I am trying to match tags like TODO
inside comments in some code files using a regular expression. Consider for example the following file:
foo bar # TODO
bar foo quux # TODO bar # TODO foo quux
quux # foo ## TODO foo # bar # TODO quux
'# TODO\'' # TODO
Note that there might be multiple tags in one line as long as each one is preceded by #
, so lines two and three should match twice. Furthermore, the prefixes before the first #
(the actual code) may have arbitrary length; the same applies to what comes after each TODO
. Apart from that there might be substrings like # TODO
that are no comments (see line four; it should match once, the # TODO
at the end).
I have been searching here on Stackoverflow and on other sites, but nothing seemed to answer a problem where you have multiple overlapping matches and a variable length prefix before those matches. I assume that the problem lies mainly in trying to use positive lookaheads/lookbehinds in conjunction with a context:
(?=#\s*TODO[^#]*)
does not work since it matches line four twice. This is why I say overlapping: It seems that you have to take the structure of the prefix into account when matching.- I can match the prefix (actual code and comments without a tag) part with
^[^#']*('[^'\\]*(\\.[^'\\]*)*'[^#']*)*(#\s*(?!TODO)[^#]*)*
so that I get line four right, but this is a variable-length match, so using a positive lookbehind like(?<=^[^#']*('[^'\\]*(\\.[^'\\]*)*'[^#']*)*(#\s*(?!TODO)[^#]*)*)(#\s*TODO[^#]*)
will result in an error on every regex engine as far as I know (and if working, would only match the first# TODO
anyways). - Matching the prefix and then using a positive lookahead like
^[^#']*('[^'\\]*(\\.[^'\\]*)*'[^#']*)*(#\s*(?!TODO)[^#]*)*(?=(#\s*TODO[^#]*)(#\s*(?!TODO)[^#]*)*)

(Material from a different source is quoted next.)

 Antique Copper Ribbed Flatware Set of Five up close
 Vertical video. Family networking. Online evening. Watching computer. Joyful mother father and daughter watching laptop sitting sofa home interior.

does not work either since it matches only one occurrence of# TODO
.
To explain: \\.
matches an escaped character and [^'\\]*
anything that is not an escape character and not a string delimiter, so '[^'\\]*(\\.[^'\\]*)*'
matches any string literal. Using [^#']*
outside of that string literal part means: Match anything that does not start a string or a comment, so the code part of a line is ^[^#']*('[^'\\]*(\\.[^'\\]*)*'[^#']*)*
. A comment segment that does not contain a tag can be found with #\s*(?!TODO)[^#]*
, so the whole prefix can be matched with ^[^#']*('[^'\\]*(\\.[^'\\]*)*'[^#']*)*(#\s*(?!TODO)[^#]*)*
.
I use ripgrep
, so this applies to PCRE/PCRE2 regular expressions.
I would, however, be interested in whether there is a solution in any regex dialect.
I know that I can match each line that has at least one correct match and post-process the results in some scripting language to extract each TODO
from the lines, but I would like to know if it is possible to do this regex-only.